On Monday Sivan 28, June 3, 1941 the Rebbe, Rabbi Menachem Mendel Schneersohn arrived with his wife on the safe shores of the United States of America.
In 1991 as a twenty-two-year-old student in the central Lubavitch Yeshiva, I participated in the fifty year celebration. The Rebbe acknowledged the specialty of the occasion and personally handed each of the thousands, myself included, a printed booklet containing deep words of Torah. As well as a dollar for Tzedakah.
This Tuesday, 28 Sivan thirty years later, I am once again blessed to be participating in the celebration. This time it’s the eighty-year mark.
Thirty years ago, as a student of the Rebbe I was personally celebrating the saving of my Rebbe’s life from the burning shores of Europe. If not for that day where the Rebbe safely arrived on American shores the world would have been bereft of his great wisdom and leadership.
Now, from the perspective of my current age and life experience I see it far more powerfully.
In his fortieth year, the Rebbe arrived to a culture that was totally different than the European culture he had escaped. The Jewish landscape in the USA was lifetimes away from the pious ‘shtetl’ life and centuries of Jewish scholarship and devoutness that the European Jewish community was known for.
There were two choices.
Look at the American journey as a necessary but spiritually regressive move.
Or look at the arrival to America as being G-d’s sign that now American culture could and should be harnessed to create a vibrant and committed Jewish future.
The Rebbe chose the latter.
He considered his move to America as being a bullseye. It was exactly where G-d wanted him. Coming to America was the Divine plan. And then he started reframing everything else based on that. The circumstances in America were opportunities to be used, not problems to complain about.
America had a ‘chutzpa’ and boldness that was trademark. The Rebbe would embrace that forthrightness and big mindedness and use it as a weapon in the battle against assimilation.
Famously, a young man accompanied his immigrant father to see the Rebbe in the 1940’s. The young American put his feet up on the desk. The father who remembered from Europe how one needs to respect rabbinic leaders was horrified. The Rebbe calmed the father and said that the bold spirit of the American youth is good, we just need to teach the youth how to channel this assertiveness for positive things.
My dear friends, look around the world today and you will see the Rebbe’s success in the replanting of Judaism in the Western world. The thousands of Chabad centers in every part of the world attest to this.
The Rebbe’s approach to modernization and technology was assertive and bold. They are tools to be used in making this world a G-dly place.
Let us take a moment to think about how we can use our life circumstances to best create a dwelling place for G-d here on earth. By studying Torah and doing mitzvahs. Putting on Tefilin, lighting Shabbat candles. By being benevolent to others and loving even to those whom you don’t care for.
Not despite the ingredients of our life, some of which we may think we would rather not have.

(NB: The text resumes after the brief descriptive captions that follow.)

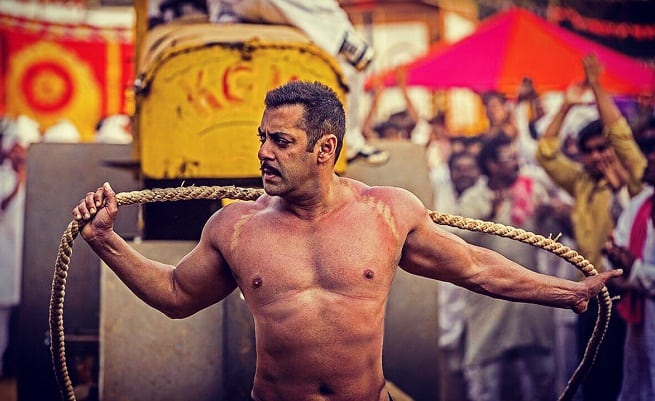 salman khan ki resmi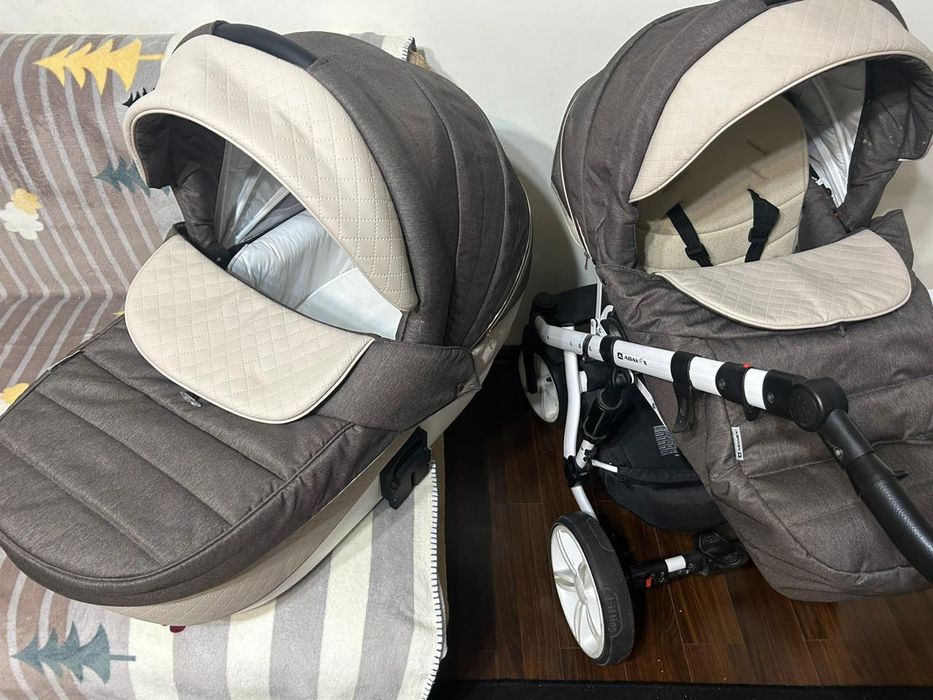 Коляска Адамекс 170000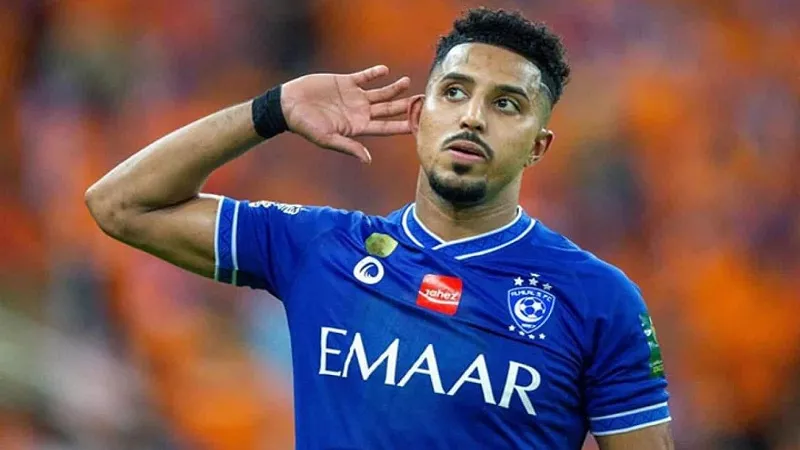 شاهد .. رباعية الهلال فى شباك العروبة بالدورى السعودى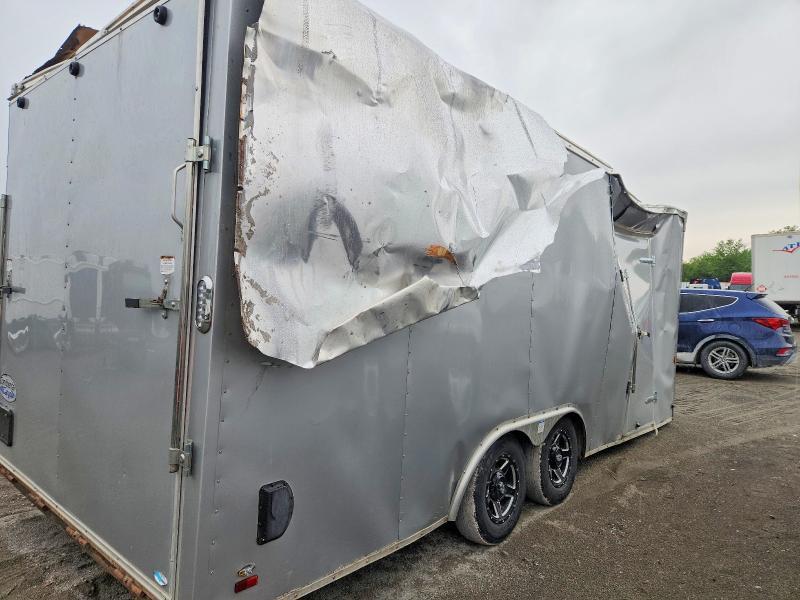 2021 Contender 2021 Forest River Enclosed Cargo Trailer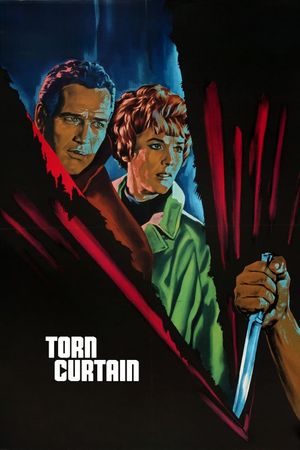 Torn Curtain's poster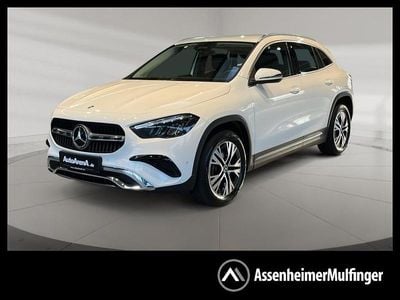 Mercedes GLA180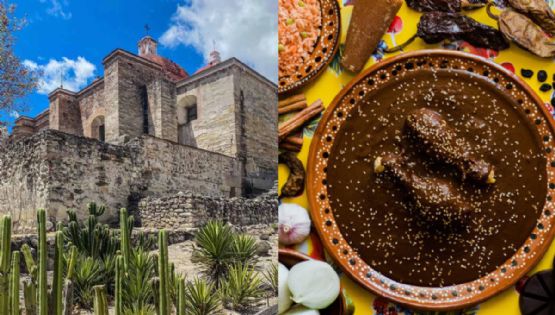 Este es el Pueblo Mágico con el mejor mole negro de México, ¿lo has probado?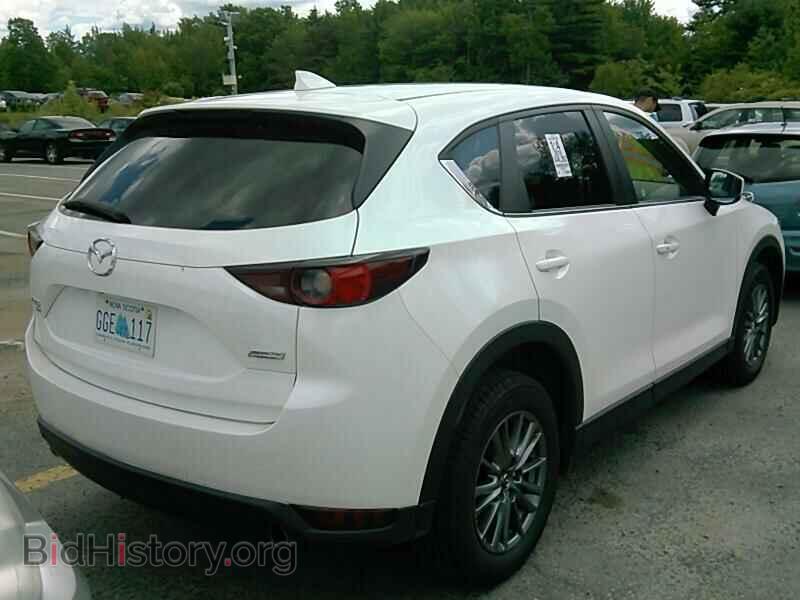 2018 Mazda CX-5 - VIN: JM3KFBCM0J1384074 - Фото 2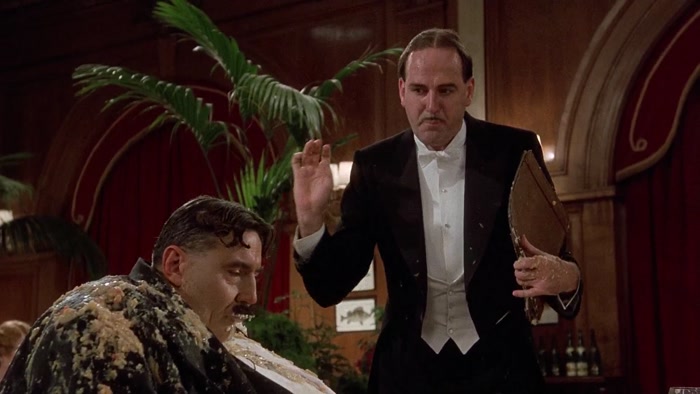 IN FACT, I WILL PERSONALLY MAKE SURE YOU HAVE A DOUBLE HELPING. 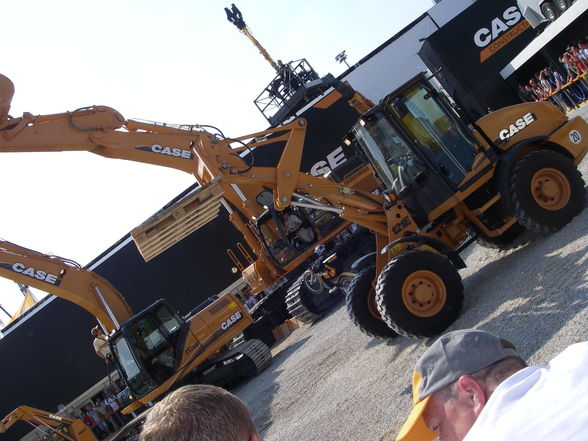 Bauma 2007 - 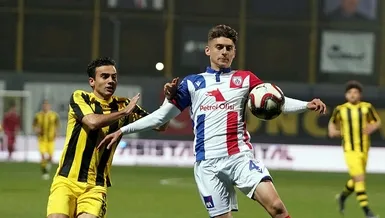 Transferin gözdesi yine Altınordu’dan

Rather let us try to use all the aspects of our life, like them or not, to catapult us to loftier places.
Sounds too lofty and unreachable?
Don’t aim for perfection at the beginning.
Try it with one thing.
The next time you say ‘oy vay’ about something you find challenging, stop for a moment and thing whether perhaps this very thing also gives you some traction and acceleration in your journey of getting closer to G-d.
For example. Someone just irritated you. You experienced a classic ‘oy vey’ moment?
Think to yourself how this is your opportunity to overcome your own natural self-centeredness and be tolerant of others. Our Sages taught that sometimes G-d brings us things that challenge our equilibrium to give us the chance to work on refining our characters.
By viewing life as a journey steered by G-d, you can embrace every aspect of the journey as being Providential and tailor made for you.
Your arrow is in the bullseye. You are, exactly where G-d wants you to be. Now its up to you to draw the target around it.